Jane hadn’t ever actually imagined having a kid,
but thought that yes, someday, that would be nice. Like Leo said,
she could play those old games with her child, keep that memory
alive.
“Too heavy?” Leo asked.
“I was thinking more along the lines of drink a
cocktail out of a pineapple.” She asked him, “What’s the best thing
about being you?”
“I don’t know.” He stopped and looked around. “I
think it might be this. The fact that I grew up here. Makes you not
take anything for granted.”
He still hadn’t built anything that looked anything
at all like the Shoot the Chutes. It was dark, but the relative
lack of light wasn’t the only problem.
“How in the hell did she even do this?” Leo asked
as another bucket of sand fell away in a series of small
landslides.
“I don’t know.” Jane was having no better luck with
a Monkey Theater. “Maybe I don’t even remember it right, you know?
Maybe I made it up.”
“Don’t say that,” Leo said. He was kneeling in the
sand in his jeans, scooping wildly.
“No, it’s okay if I did,” Jane said. “I mean, I was
really young. Who knows?”
“You could ask your brother.”
She thought about that for a second. “Nah,” she
said. “It’d ruin it.”
Leo started to build the Shoot the Chutes
again.
“Here.” Jane tossed him a smaller bucket. “Try this
one.”
They worked quietly for a while, then Jane said,
“That song you played on the saw at the party, and tonight . . .

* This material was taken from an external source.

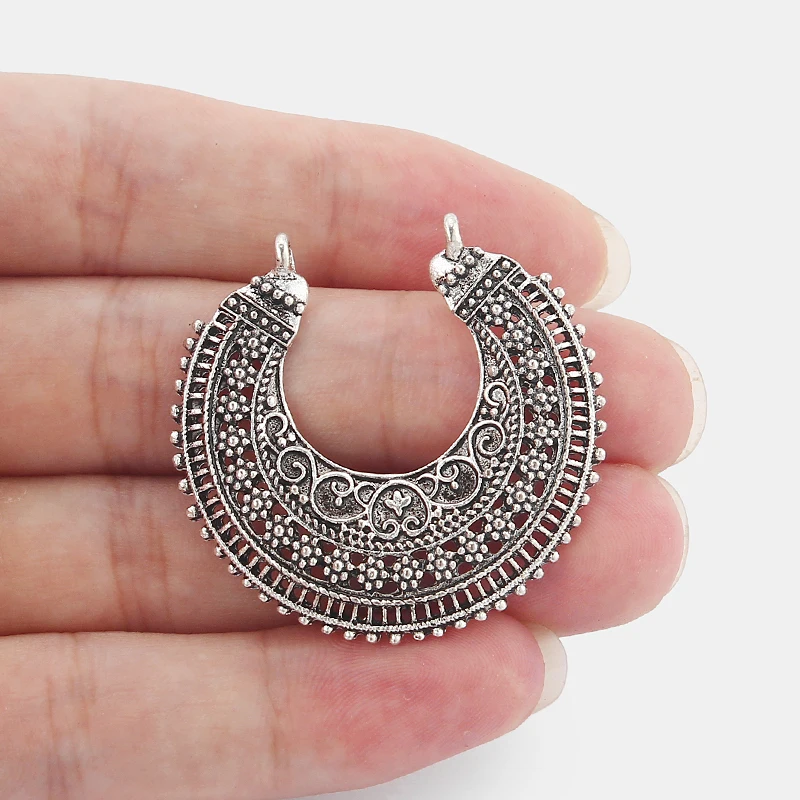6 шт. тибетские серебряные серьги-подвески в виде полумесяца 40 х39 мм | Украшения и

She used to sing that to me, the Dreamland song.”
“Yeah?”
“When I was little and didn’t want to go to bed
because I wanted to be with her, she’d tell me that she’d meet me
in Dreamland, and she’d lull me to sleep. I’m pretty sure she said
it right before she died, too. That she’d see me there.”
Leo looked up, pushed some hair out of his eyes
with sandy hands. “Are you trying to kill me, Jane?”
Luna, she almost said. The name’s
Luna.
He wiped sand off his hands and she did, too, and
they lay back on their blanket and Leo said, “I forget
sometimes.”
“Forget what?”
“That it’s a beach.” He shook his head and laughed.
“Seems like an awful lot of fuss over a beach.”